Task directions —
Give the data below again exactly as written, but without the pictures.

Data provided —
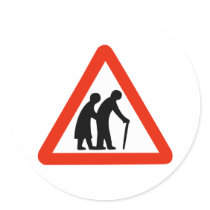 old folks round stickers
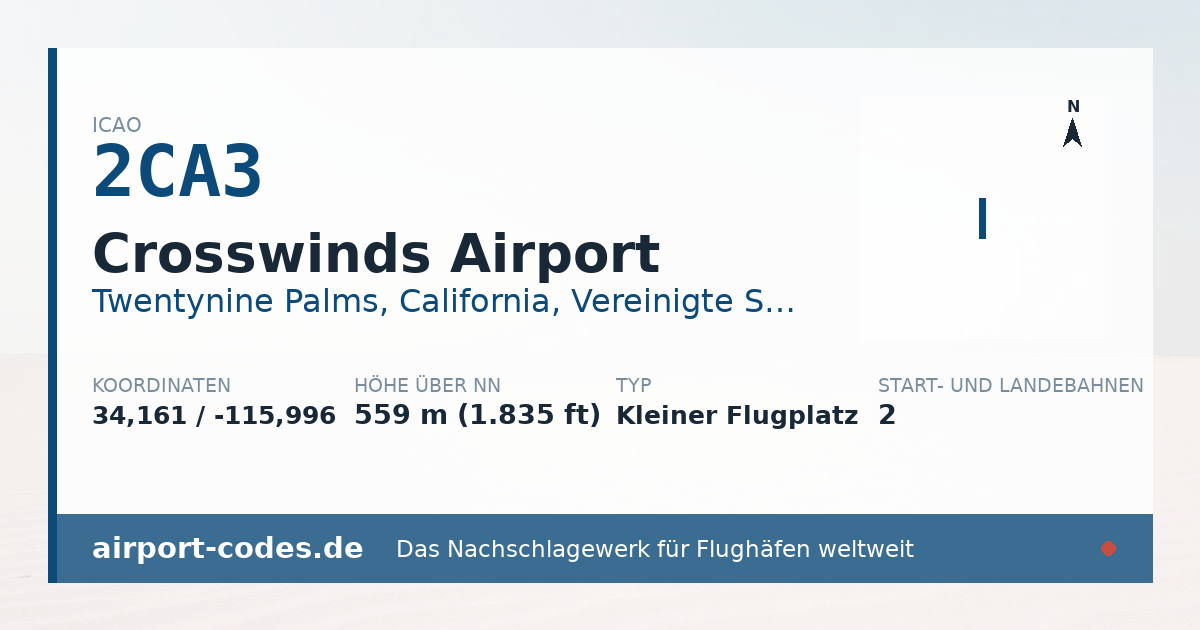 Generierte Übersichtsgrafik zum Flughafen Crosswinds Airport mit Codes, Koordinaten und Bahnenskizze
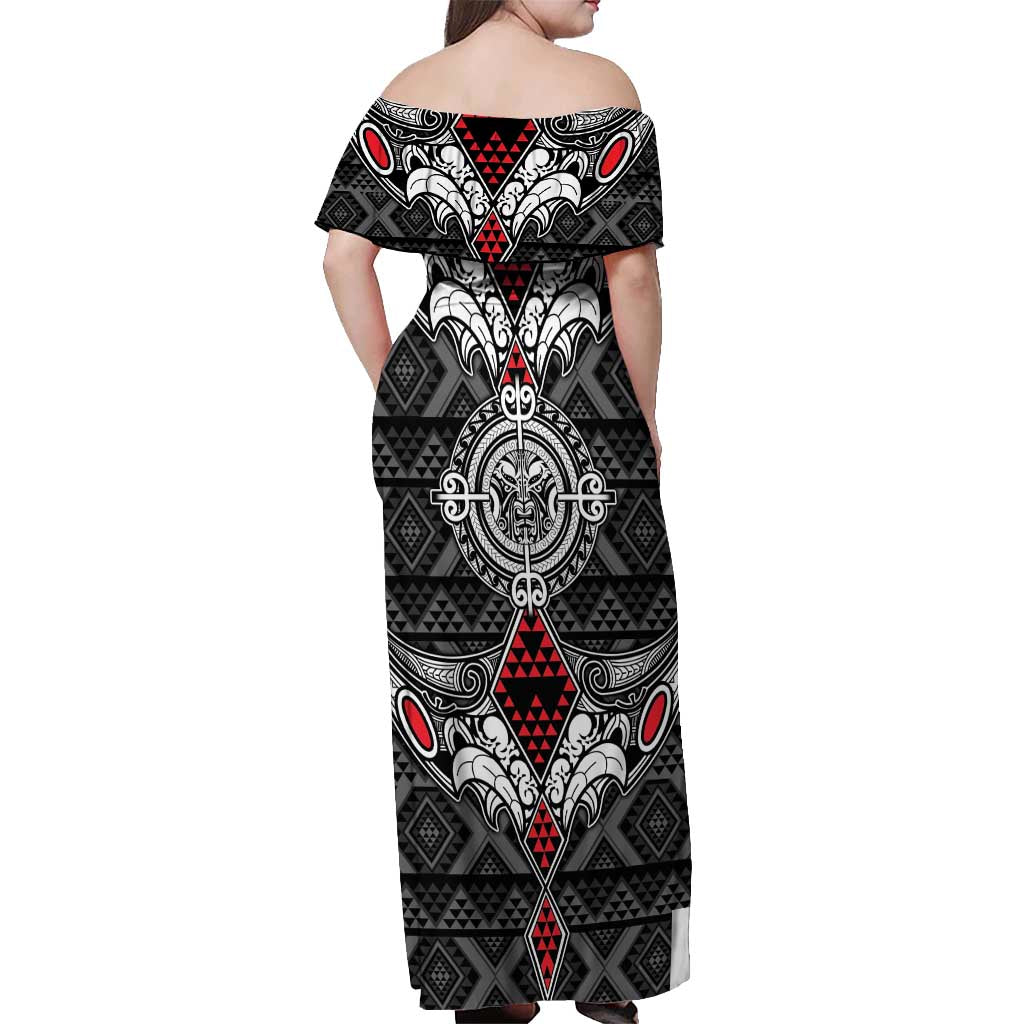 Black Aotearoa Tanilo Motif Off Shoulder Maxi Dress Vintage Maori New Zealand Tribal Art Pattern LT9 - Polynesian Pride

Your response —
 old folks round stickers
 Generierte Übersichtsgrafik zum Flughafen Crosswinds Airport mit Codes, Koordinaten und Bahnenskizze
 Black Aotearoa Tanilo Motif Off Shoulder Maxi Dress Vintage Maori New Zealand Tribal Art Pattern LT9 - Polynesian Pride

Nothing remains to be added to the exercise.